- iSithebe iSithebe
- Coordinates: 29°05′20″S 31°25′55″E﻿ / ﻿29.089°S 31.432°E
- Country: South Africa
- Province: KwaZulu-Natal
- District: Ilembe
- Municipality: Mandeni
- Established: 1980s

Area
- • Total: 6.25 km^{2} (2.41 sq mi)

Population (2001)
- • Total: 9,564
- • Density: 1,530/km^{2} (3,960/sq mi)
- Time zone: UTC+2 (SAST)

= ISithebe =

iSithebe is a town in Ilembe District Municipality in the KwaZulu-Natal province of South Africa. The small town some 2 hours driving time north of Durban was established as a manufacturing industrial park in the early eighties. Prince Mangosuthu Buthelezi can be credited as one of the drivers behind the establishment of this industrial park - this was at a time when parts of the KwaZulu Natal province of were governed by a separate, tribal regime owing to apartheid policies applicable at that time in the history of South Africa.
In the eighties, Mr Buthelezi, had successfully attracted small and medium businesses to the industrial park, with extensive investments from Taiwan. The area, which also has paper mill, was known for low wages, but at its prime, many factories were functional and scores of people from the area were earning some income.
Today November 2018, Isithebe industrial park is a ghost town. Many of the prime industrial sites are silent with rusted structures and gates. The population on the outskirts of the zone has multiplied over the decades.
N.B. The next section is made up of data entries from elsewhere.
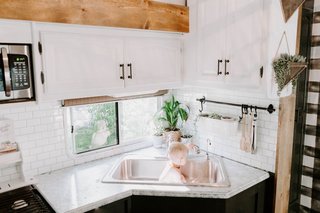 The upper cabinets were repainted with Rustoleum White Chalk paint, while new stick-on subway tile (from Tic Tac Tile) was applied to the backsplash.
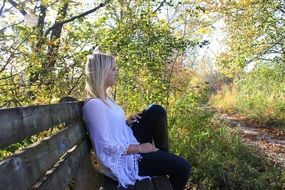 young blonde girl sits on bench at fall, side view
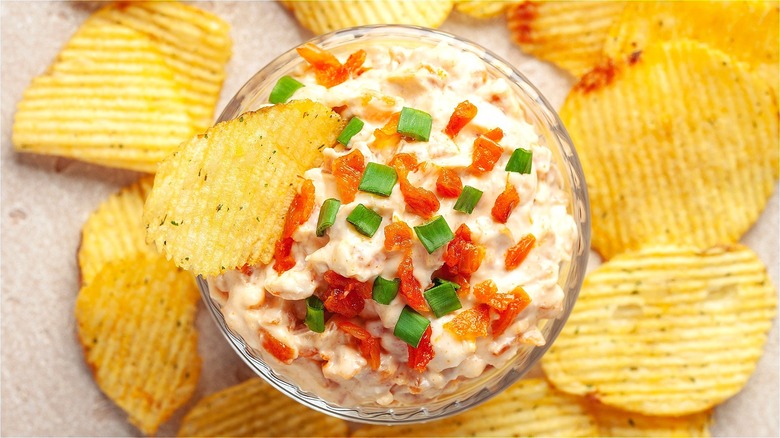 French onion dip in a glass bowl topped with chopped green onions, bacon bits, and served with ridged potato chips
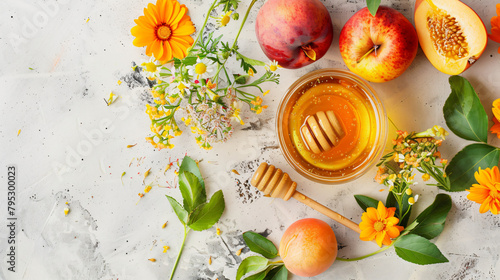 Composition with bowl of honey ripe fruits flowers and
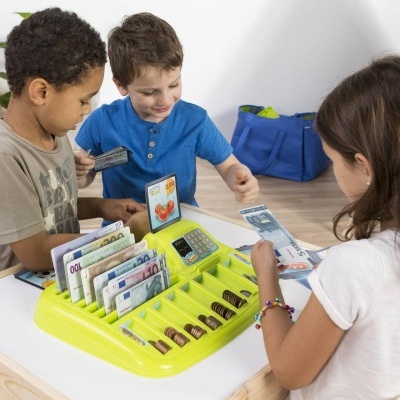 Crianças a brincar com caixa registadora de brinquedo numa mesa branca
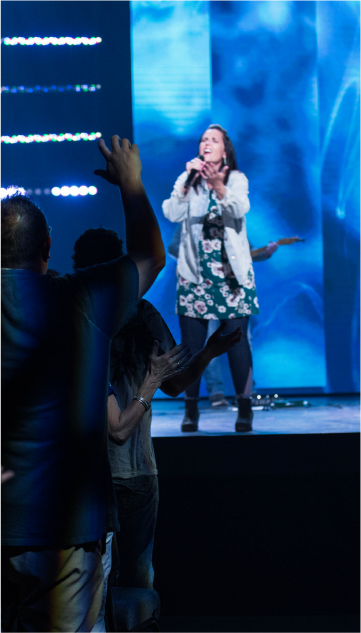Woman singing in worship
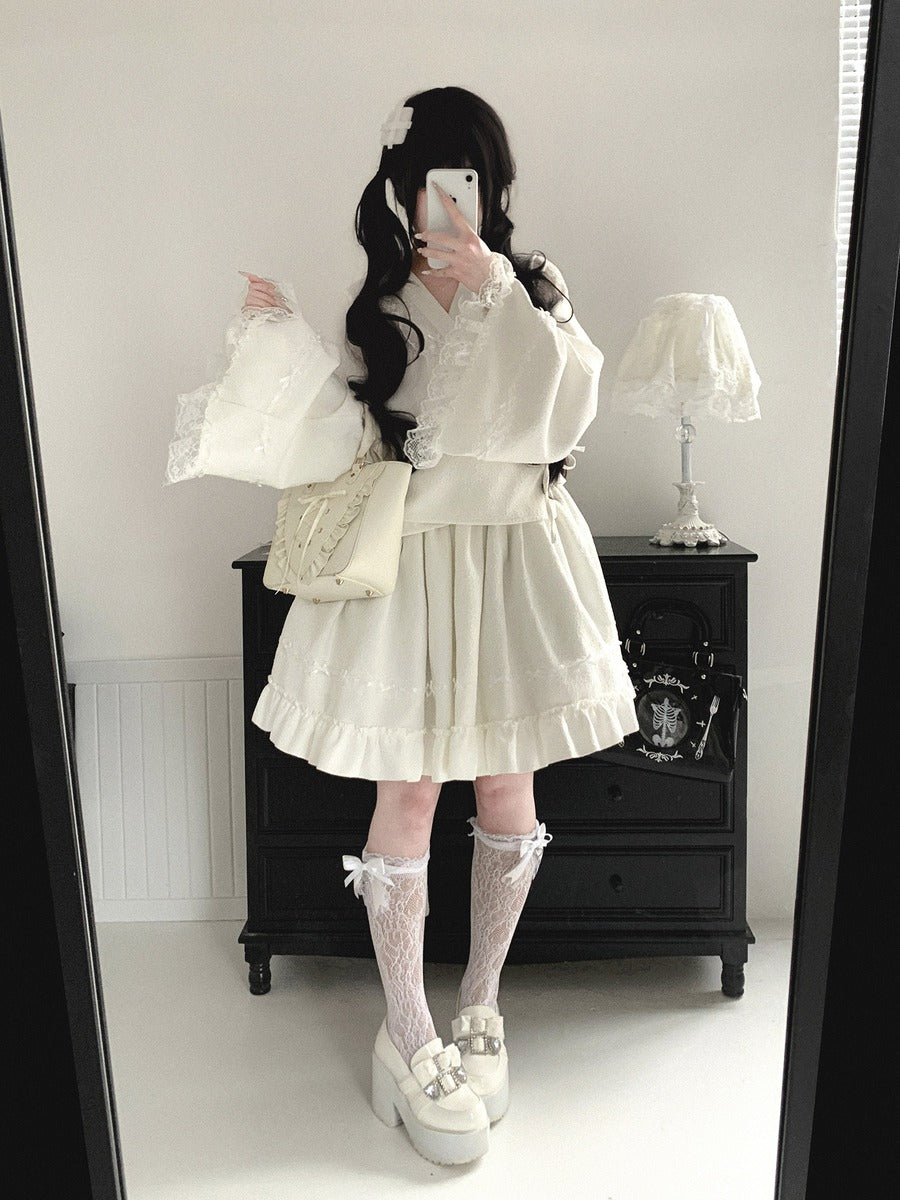 Person wearing a white kimono outfit with ruffled sleeves and a skirt, standing in front of a mirror.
It is a very sad sight.
There is speculation, as elsewhere in the globe, that with the dawn of democracy in South Africa in the early 1990s, imports flooded the markets or bluntly put, the Chinese came and squeezed out the Taiwanese, both in business and politically.
A drive through iSithebe industrial park is a very sad reminder of what the beloved country of South Africa has become.
The park, managed by Ithala Bank, has good infrastructure in terms of water, road, electricity, and desperate (cheap) labour.
Links to the main roads and airport are good.
ISithebe still presents a great opportunity to an entrepreneur or investor.